Key Takeaways
- Wells Fargo reduced its S&P 500 year-end projection from 7,800 to 7,300 due to unexpected Iran conflict escalation
- Market analytics reveal stocks are now factoring in greater war exposure than oil volatility risk for the first time
- The Nasdaq 100 has experienced a 29% decline in its forward price-to-earnings multiple from recent highs
- The bank maintains earnings per share projections of $315 for 2026 and $365 for 2027
- Wells Fargo emphasizes its continued long-term optimism toward U.S. equities despite current headwinds
Wells Fargo’s Ohsung Kwon has adjusted his S&P 500 price target downward from 7,800 to 7,300 for year-end. The adjustment comes as geopolitical tensions surrounding Iran introduce unforeseen market volatility.
According to Kwon, the escalating conflict was not incorporated into the firm’s initial 2026 projections. The analyst emphasized that this development represents an additional risk factor that requires recalibration of market expectations.

The S&P 500 currently sits near 6,343, reflecting a year-to-date decline of approximately 7.7%. Wells Fargo calculated its updated baseline using averaged pricing data from late February through late March.
The firm’s proprietary conflict assessment model revealed an unprecedented pattern. Market participants are now incorporating more risk premium related to direct war exposure than to oil price volatility, marking a historical shift in risk perception.
Valuation metrics have compressed significantly, with the Nasdaq 100’s forward P/E ratio declining 29% from peak levels.

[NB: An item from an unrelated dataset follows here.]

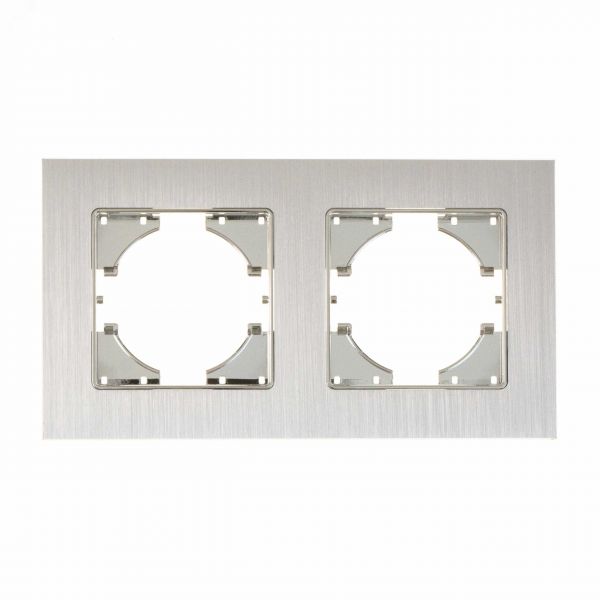 Рамка Ugra 2-местная алюминий, серебро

Roughly one-third of S&P 500 constituents now trade at valuations at least one standard deviation beneath their five-year historical averages.

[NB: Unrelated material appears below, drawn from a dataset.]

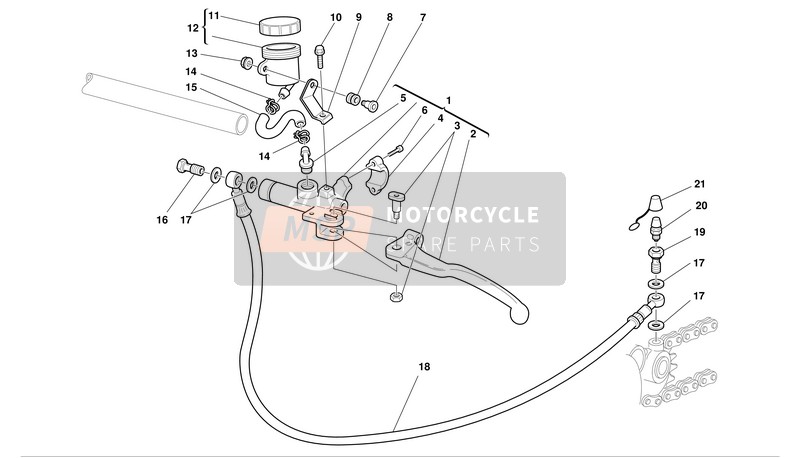 62640071B, Lever, Front Brake, Ducati, 0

Challenging Economic Backdrop Creates Dual Risk Scenario
Kwon characterized the present macroeconomic environment as presenting a “lose-lose” dynamic as investors await critical economic releases this week. Robust economic indicators could reinforce the Federal Reserve’s inclination to maintain elevated interest rates. Conversely, disappointing data might amplify stagflation concerns and accelerate capital outflows from equities.
The bank’s inventory-tracking model has identified emerging inflationary pressures expected to materialize in the second half of the year. This framework suggests price acceleration above current baseline expectations.

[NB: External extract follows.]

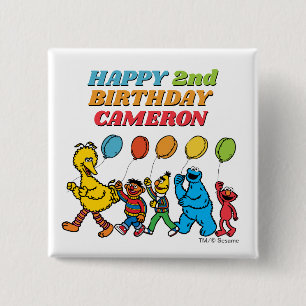 Badge Carré 5 Cm Pal de rue Sésame Ballons d'anniversaire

Yet despite these near-term challenges, Wells Fargo maintains it has not adopted an outright pessimistic stance. The institution’s PRSM analytical framework—encompassing Profits, Rates, Sentiment, and Macro factors—continues to project a 14% gain over the coming twelve months.
Earnings forecasts have not been adjusted, with per-share estimates holding at $315 for 2026 and $365 for 2027. The firm anticipates corporate profitability will demonstrate durability despite increasing macroeconomic complexity.
Capital Flows Remain Resilient Through Turmoil
A notable observation from Kwon’s analysis: equity funds have continued to receive positive inflows following the outbreak of hostilities. This pattern diverges from historical responses to geopolitical disruptions, when investors typically withdrew capital rapidly.
Kwon interpreted this behavior as indicating investors are implementing hedging strategies rather than executing wholesale portfolio liquidations. This approach reflects expectations that economic disruptions will prove temporary in nature.
Additionally, March data revealed that analyst upgrades exceeded downgrades across the broader market. This trend demonstrates sustained conviction in corporate earnings trajectories despite the ongoing international crisis.
Wells Fargo outlined five fundamental pillars supporting its constructive long-term outlook. These factors encompass limited oil market disruption, valuation normalization, domestic energy self-sufficiency, robust free cash flow generation among leading technology firms, and accelerating inventory replenishment cycles.
“We believe a lot has been priced into stocks already,” Kwon wrote. “However, other than a firm resolution, we don’t see many upside catalysts.”
The S&P 500 stands at 6,343 as of March 31, 2026, with the market down 7.7% year-to-date.